■ How to complete this task ■
Starting at the line that contains "Toyota Corolla Verso" and ending at the line that contains "Used 2020 Buick", the lines below are to be given again exactly, with nothing added.

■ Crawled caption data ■
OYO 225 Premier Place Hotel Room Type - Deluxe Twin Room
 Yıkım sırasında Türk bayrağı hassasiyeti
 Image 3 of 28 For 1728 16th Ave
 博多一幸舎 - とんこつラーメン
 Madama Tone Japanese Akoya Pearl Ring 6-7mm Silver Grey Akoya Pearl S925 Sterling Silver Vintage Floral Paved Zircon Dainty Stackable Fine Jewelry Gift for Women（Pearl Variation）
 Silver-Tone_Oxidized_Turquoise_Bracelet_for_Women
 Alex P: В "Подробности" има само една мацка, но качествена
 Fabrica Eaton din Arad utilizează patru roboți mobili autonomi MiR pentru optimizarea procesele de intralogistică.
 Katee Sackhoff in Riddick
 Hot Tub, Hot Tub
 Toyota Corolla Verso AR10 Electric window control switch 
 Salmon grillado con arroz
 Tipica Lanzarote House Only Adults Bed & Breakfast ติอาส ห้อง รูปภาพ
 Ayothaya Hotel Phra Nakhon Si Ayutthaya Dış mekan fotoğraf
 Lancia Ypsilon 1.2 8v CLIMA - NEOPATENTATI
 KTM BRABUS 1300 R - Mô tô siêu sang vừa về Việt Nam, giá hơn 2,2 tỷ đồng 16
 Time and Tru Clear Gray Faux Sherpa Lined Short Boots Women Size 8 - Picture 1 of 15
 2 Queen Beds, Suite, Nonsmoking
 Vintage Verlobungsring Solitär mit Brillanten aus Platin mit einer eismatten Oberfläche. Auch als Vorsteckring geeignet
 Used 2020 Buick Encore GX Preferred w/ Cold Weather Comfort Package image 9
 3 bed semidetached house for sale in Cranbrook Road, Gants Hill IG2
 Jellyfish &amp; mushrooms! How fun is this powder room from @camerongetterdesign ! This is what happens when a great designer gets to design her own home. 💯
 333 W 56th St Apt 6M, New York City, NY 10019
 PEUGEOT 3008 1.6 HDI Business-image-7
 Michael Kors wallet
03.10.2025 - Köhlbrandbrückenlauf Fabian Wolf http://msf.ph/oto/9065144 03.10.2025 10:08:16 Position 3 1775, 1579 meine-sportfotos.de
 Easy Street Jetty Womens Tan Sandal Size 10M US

■ Your response ■
 Toyota Corolla Verso AR10 Electric window control switch 
 Salmon grillado con arroz
 Tipica Lanzarote House Only Adults Bed & Breakfast ติอาส ห้อง รูปภาพ
 Ayothaya Hotel Phra Nakhon Si Ayutthaya Dış mekan fotoğraf
 Lancia Ypsilon 1.2 8v CLIMA - NEOPATENTATI
 KTM BRABUS 1300 R - Mô tô siêu sang vừa về Việt Nam, giá hơn 2,2 tỷ đồng 16
 Time and Tru Clear Gray Faux Sherpa Lined Short Boots Women Size 8 - Picture 1 of 15
 2 Queen Beds, Suite, Nonsmoking
 Vintage Verlobungsring Solitär mit Brillanten aus Platin mit einer eismatten Oberfläche. Auch als Vorsteckring geeignet
 Used 2020 Buick Encore GX Preferred w/ Cold Weather Comfort Package image 9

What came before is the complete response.